Nun, diese sachliche Bescheidenheit des letzten Satzes werden den präzisen wie innovativen und ambitionierten Arbeiten der jungen Designerin nicht ganz gerecht. Ihr Regal "Up" ist bestechend schlicht wie klug durchdacht: Mit nur einem kleinen Hebel lassen sich die Böden auf jede beliebige Höhe einstellen. "Ich finde es spannend, bestehende Herstellungsverfahren in neue Produkte umzuwandeln. So habe ich eine Verbindung, die bei Fenstern verwendet wird, für die Herstellung des 'Up'-Regals verwendet. Oder ich nutze den Herstellungsprozess von Autoscheiben für die Fertigung von Bilderrahmen. Das Interessante dabei ist, dass man das Produktspektrum einer Fabrik erweitert", bemerkt Alexandra Gerber. Mit "Up" hat die Designerin eine eigenständige Ästhetik entwickelt, die zwischen Archiv und Werkstatt, zwischen Büro und Wohnen die Sehgewohnheiten aus der Einfältigkeit rüttelt. Sie achtet darauf, Materialien zu verwenden, die sich gut rezyklieren lassen oder bereits recycelt sind. "Ich versuche auch, mit Produzenten zusammenzuarbeiten, die ihre eigenen Abfälle recyceln und die bei der Herstellung erzeugte Wärme nutzen, um ihre Räumlichkeiten zu beheizen". Bei all ihren hohen Ansprüchen an Funktion, Suffizienz und Nachhaltigkeit verbindet doch viele ihre Entwürfe eine gewisse Verspieltheit und Mehrdeutigkeit: Die Bank für Hermès entpuppt sich bei näherem Hinsehen als eine Art Kachelofen. "HB" ist indes ein vielfältiger Aufbewahrungskünstler – im Bad, an der Wand, auf dem Tisch, für Stifte, Blumen oder andere Objekte. Es scheint fast so, als schafft es Alexandra Gerber mit Leichtigkeit Klarheit und Vielschichtigkeit zu verbinden.

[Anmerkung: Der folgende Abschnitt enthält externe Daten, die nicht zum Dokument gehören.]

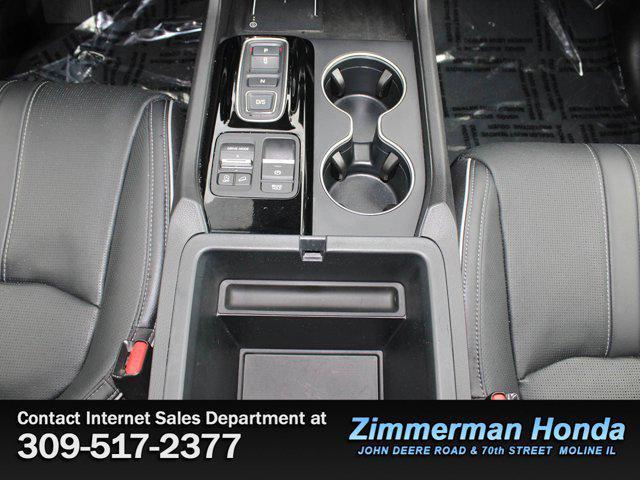 used 2023 Honda Pilot car, priced at $40,991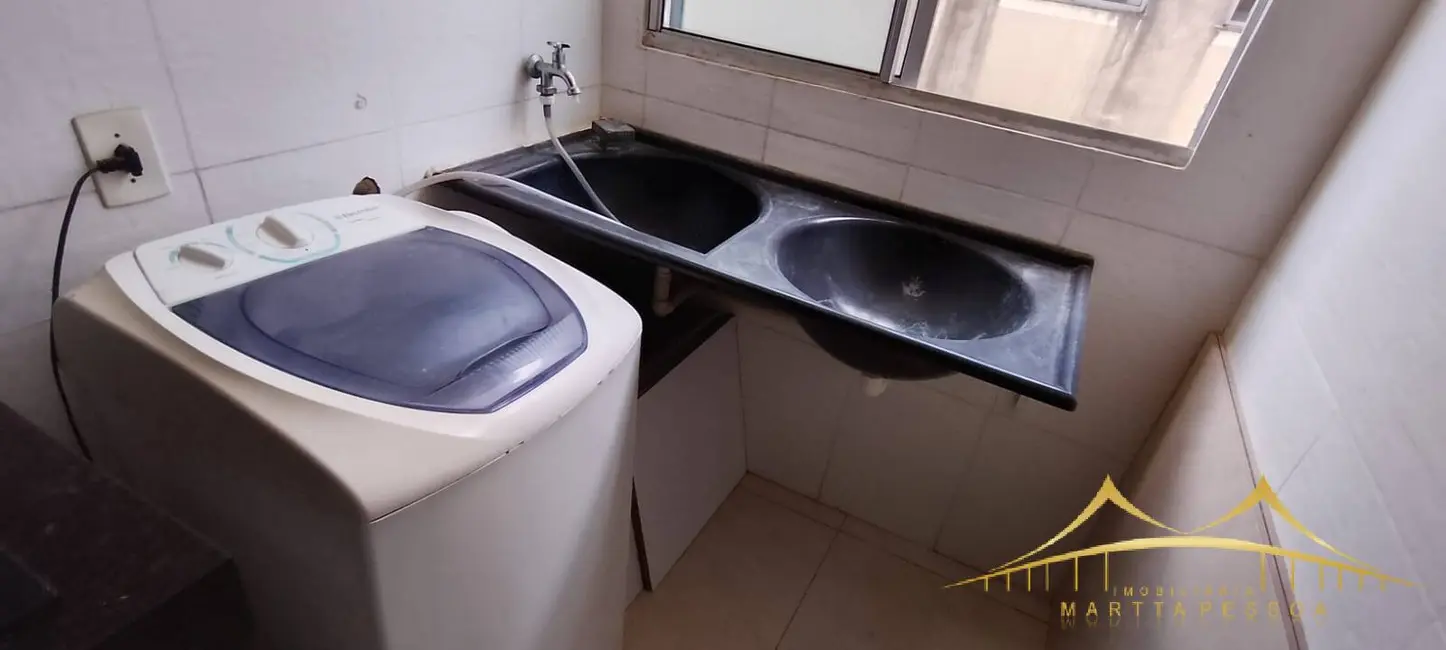 Foto 9 de Apartamento com 2 quartos à venda, 50m2 em Nova Parnamirim, Parnamirim - RN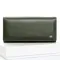Жіночий гаманець Classic шкіряний Dr.Bond W1-V-2 dark-green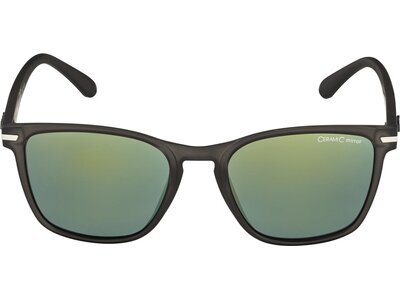 ALPINA Herren Brille YEFE Grau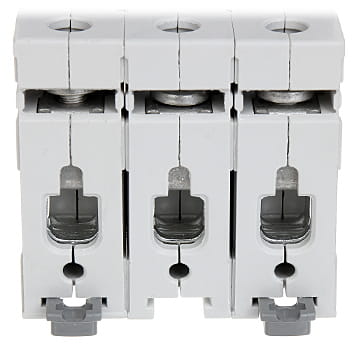 Legrand RX3 wyłącznik nadprądowy 3P C25A S303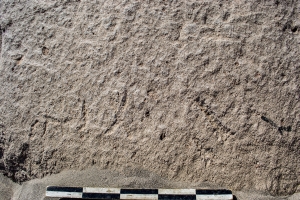 Piedra: 1583, Cara decorada: I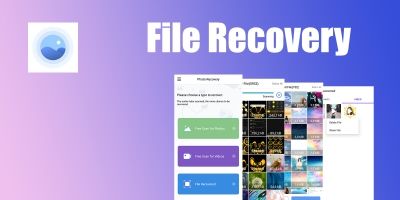 File Recovery For Android
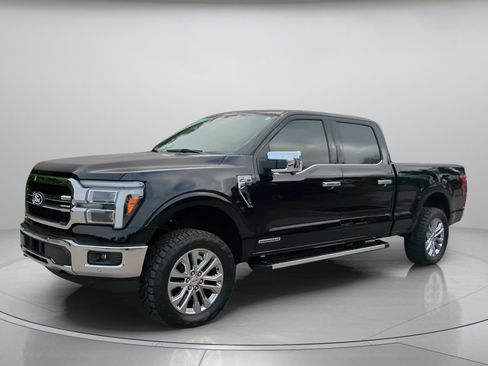 Certified 2025 Ford F150 Lariat w/ Equipment Group 502A High AWD/4WD image 13
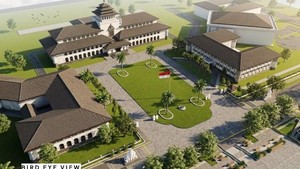 Sorotan Tajam Akademisi untuk Proyek Plaza Gedung Sate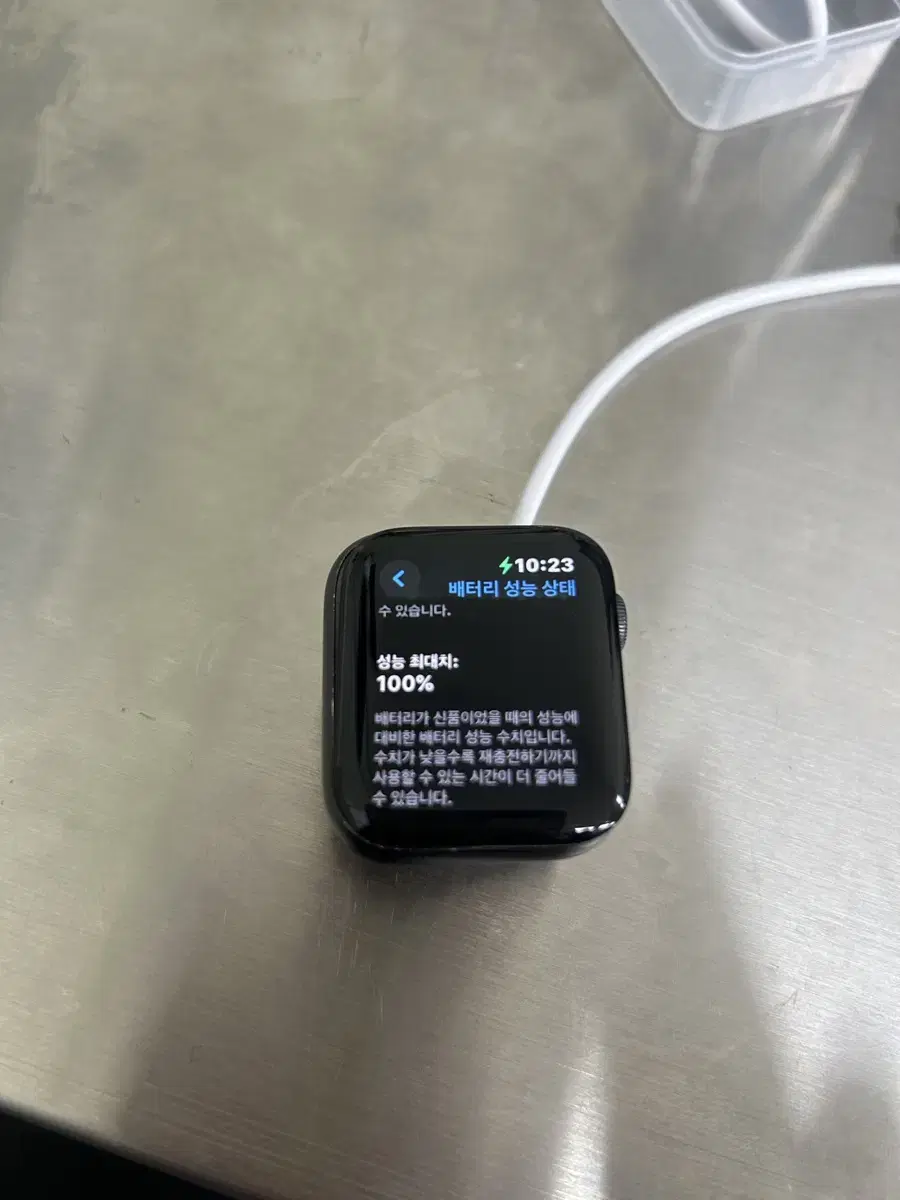 애플워치40mm gps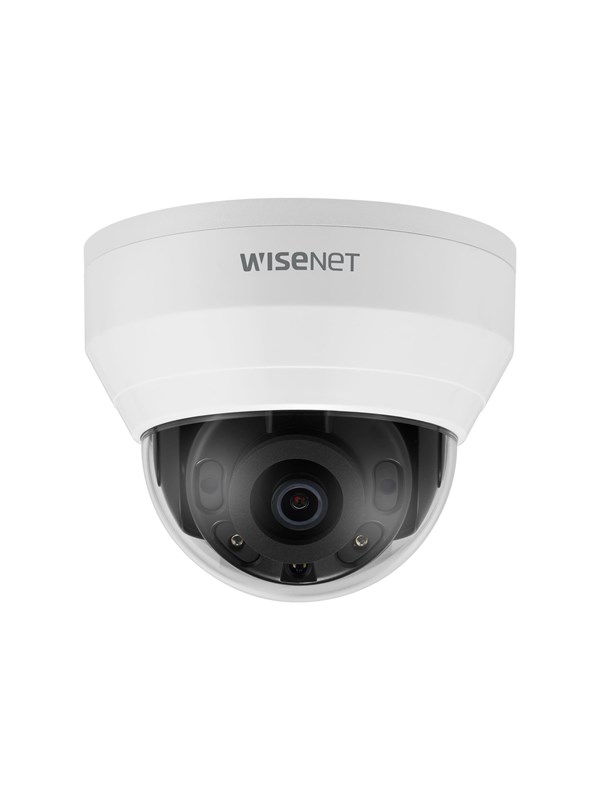 Hanwha Vision WiseNet Q QND-8020R - network surveillance camera - dome
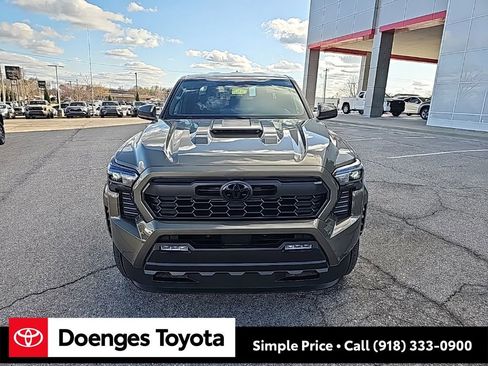 New 2026 Toyota Tacoma TRD Sport image 9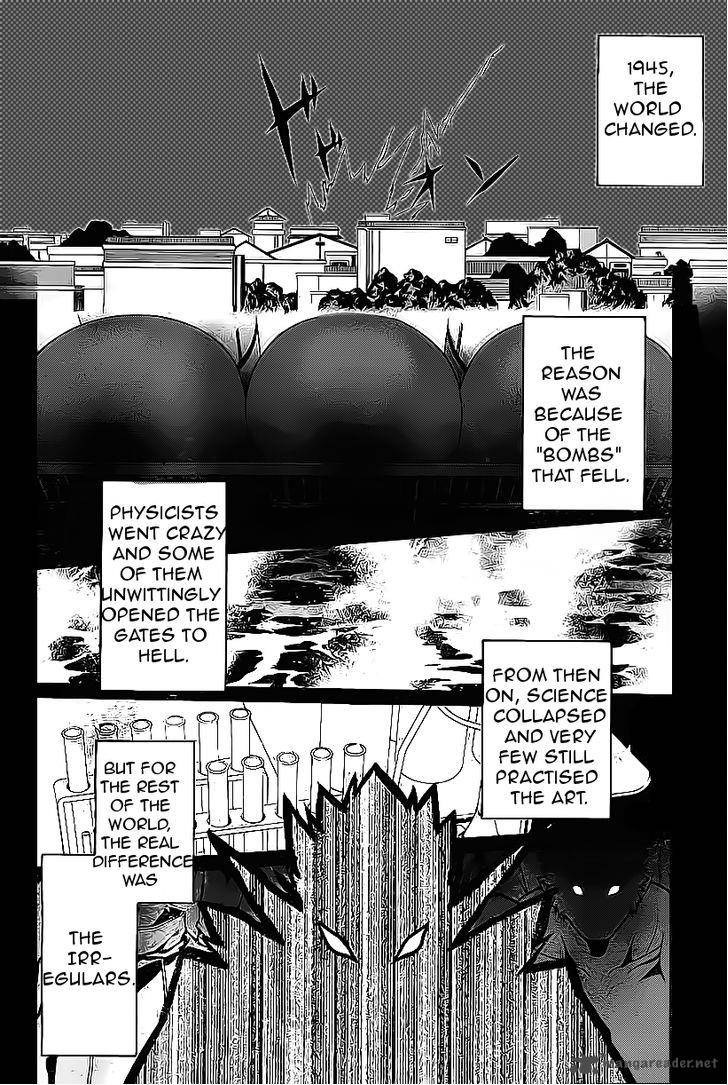 Judgement Overman Houkago No Kessha Chapter 1 Page 39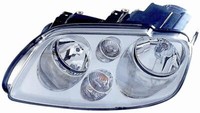 Scheinwerfer Projektor Sx 2H7 Pred Reg Elec Volkswagen Touran 2003 2006 Parab
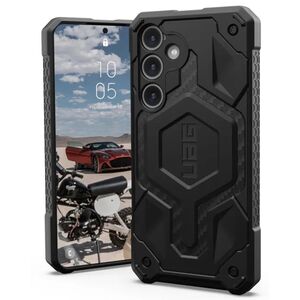 Husa Samsung Galaxy S24 Plus UAG Monarch, Carbon Fiber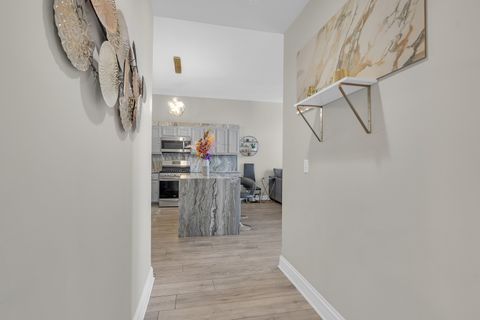 Tiny photo for 3630 N Harlem Avenue #411, Chicago, IL 60634 (MLS # 12513489)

Giuseppe Arezzi ist noch keine 30 Jahre alt, doch die Arbeiten des Produktdesigners sind bereits mehrfach ausgezeichnet und in zahlreichen Ausstellungen europaweit gezeigt worden. Insbesondere der Armchair "Manic#", das Hybridmöbel "Binomio" und die Serie "Tramoggia" sind eigenständige wie sensible Entwürfe, in denen sich ein sympathischer, wie eleganter Pragmatismus widerspiegelt. "Ich glaube, dass die Rolle des zeitgenössischen Designers darin besteht, im beständigen Dialog mit Produzenten neue Prozesse anzuleiten", beschreibt er die Herausforderungen seiner Generation, bei der Nachhaltigkeit ganz selbstverständlich eine tragende Rolle spielt. Diese Selbstverständlichkeit zeigt sich auch deutlich in "Manic#": Die Rundhölzer des Stuhls werden mit simplen Flügelschrauben verbunden, der textile Sitzbezug durch Lederbänder gehalten, alles kann mit Leichtigkeit demontiert werden. Der Stuhl ist bestechend adaptiv: Auch mit Upcycling-Hölzern und Textilen würde er nicht an Leichtigkeit und Eleganz verlieren. "Wenn wir ein Möbelstück herstellen, ist es für mich wichtig, dass es zeitlos ist und so konzipiert, dass es möglichst lange hält. Dabei sind Schlichtheit und Qualität zwei Aspekte des nordischen Know-hows, die für mich wichtig sind", erläutert Giuseppe Arezzi seine Gestaltungsprämissen.

Studiert hat der Gestalter an der Politecnico di Milano, sein Studio betreibt er im sizilianischen Ragusa und in Mailand. Zudem lehrt er mit Engagement an der IED in Como: "Wir müssen die neuen Generationen zur Selbstkritik, zur Aufrichtigkeit, zum Aktivismus und zur Konsequenz anspornen: Nur so können sie in einer so komplexen Gesellschaft wie der unseren bestehen". Die Komplexität der Gegenwart zeigt sich auch in "Binomio" – trotz der bestechend einfachen Gestalt des Möbels. Denn es lässt sich in keine bekannte Schublade stecken. Es ist mal Tisch, mal Bank. Mal Regal, mal Ablage. Mal Arbeitsplatz, mal Garderobe. Es ist ein Begleiter der Veränderung und ist damit auch guter Marker für Giuseppe Arezzis Verständnis von Design.